Am Nachmittag hatten wir das Haus von ADEA (African Development through Economics and Arts) besucht, einer Initiative von
örtlichen Künstlern, die ihre Schnitzereien, Malereien, Stoffarbeiten u.v.m. ausstellten und verkauften. Ein weiterer, viel versprechender Ansatz von Entwicklung durch Eigeninitiative, die hoffentlich Schule macht.
Das Wetter war regnerisch und stürmisch, aber die wieder höhere Flut machte ein ausgiebiges Bad im Indischen Ozean möglich. Das Meer war rau und mit ca. 25 Grad eher kühl, aber für Februar......!
Freitag, 8.2.
Es hat wieder die ganze Nacht geregnet, die Straßen werden immer schlechter, aber ich hoffe wir können trotzdem wie geplant raus zum Kindergarten St. Elisabeth fahren. Ich wollte aber heute unbedingt noch mal zum Baden ins Meer und bin deshalb schon um 5.30 Uhr aufgestanden, als es gerade hell wurde. Es gab viele Wellen und einen starken Wind, aber das Wasser hatte mit ca. 25 Grad angenehme Temperaturen.
Das Tagesereignis ist natürlich der Rücktritt der Regierung, schon früh am Morgen wurde ich von Radios geweckt, die die Nachtwächter laut gestellt hatten, um ja nichts zu verpassen. Ich bin mal gespannt, ob man in Dar Es Salaam mehr davon mitbekommt.
Zunächst stand aber ein Besuch in der Pfarrei St. Paul an, denn heute früh werden Cashewnüsse geliefert, das wollen wir natürlich nicht verpassen. Die Frauen gingen schon früh los, ganz stolz in ihren allerfeinsten Kleidern, denn sie wussten dass wir kommen würden. Wie sie das bei diesem Schlamm hinbekommen?
Geduldig warten sie bis sie an der Reihe sind ihre Nüsse im Korosho-Office bei Pater Philibert, dem Pfarrer abzuliefern.
Wie es bei afrikanischen Frauen üblich ist, sind ihre Babys immer mit dabei.
Während des Ankaufs kam ein Anruf der Fluggesellschaft Precision Air, bei der wir unseren Rückflug nach Dar Es Salaam gebucht hatten. Sie teilten uns mit, dass sie heute nicht fliegen würden und wir auf Air Tanzania umgebucht werden würden. So konnte ich leider nicht mehr zum Kindergarten St. Elisabeth fahren, was sehr schade ist.
Der Flug selbst war angenehm, was man von der Hitze in Dar nicht sagen kann.

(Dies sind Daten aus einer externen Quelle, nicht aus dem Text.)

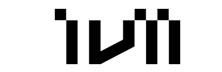 ivii
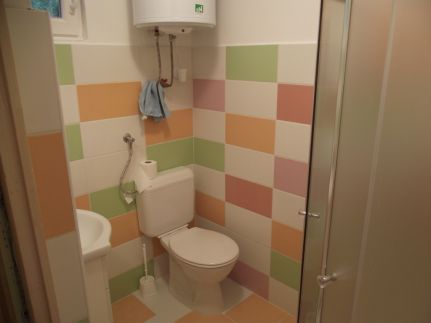 Mikszáth Apartman5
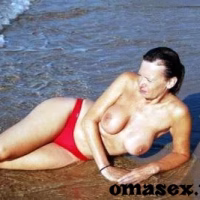 Reife Lady aus Ostfriesland will Sex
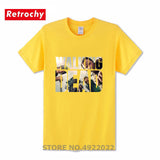 The Walking Dead T-shirt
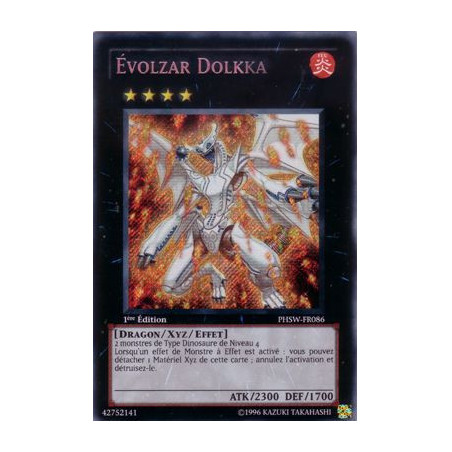 yu-gi-oh-tcg-phsw-fr086-se-volzar-dolkka-onde-de-choc-du-photon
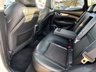USED 2019 19 NISSAN QASHQAI 1.5 dCi Tekna SUV 5dr Diesel Manual Euro 6 (s/s) (115 ps) 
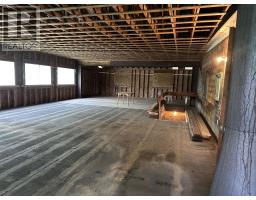 6185 Highway 4, Linacy, NS B2H5C4 Photo 14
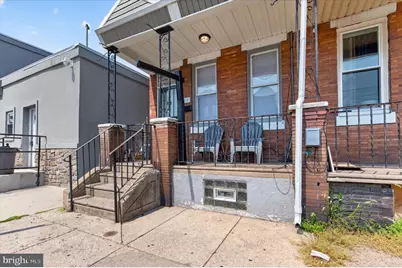 3310 Jasper Street, Philadelphia, PA 19134 - Photo 7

Überall saßen die Menschen vor den Radios, um die Vorgänge im Parlament in Dodoma mitzuhören. Es war sehr spannend, denn inzwischen hatten weitere Minister ihren Rücktritt eingereicht.
Samstag, 9.2.
Früh am Morgen wurde ich wieder von laut gestellten Radios geweckt, noch in der Nacht hatte Präsident Kikwete die gesamte Regierung entlassen, er kämpft entschieden gegen Korruption. Er verkündete, dass er schnellstens einen neuen Premierminister ernennen und diesen mit der Regierungsbildung beauftragen wollte. Die Menschen waren sehr zufrieden und auch stolz darauf, dass das Fehlverhalten der Politiker Konsequenzen hatte.
Noch vor dem Abflug haben wir mitbekommen, dass ein neuer Premierminister ernannt wurde.
Der lange Rückflug war ermüdend, ich war sehr froh, als ich am Sonntag früh zuhause war.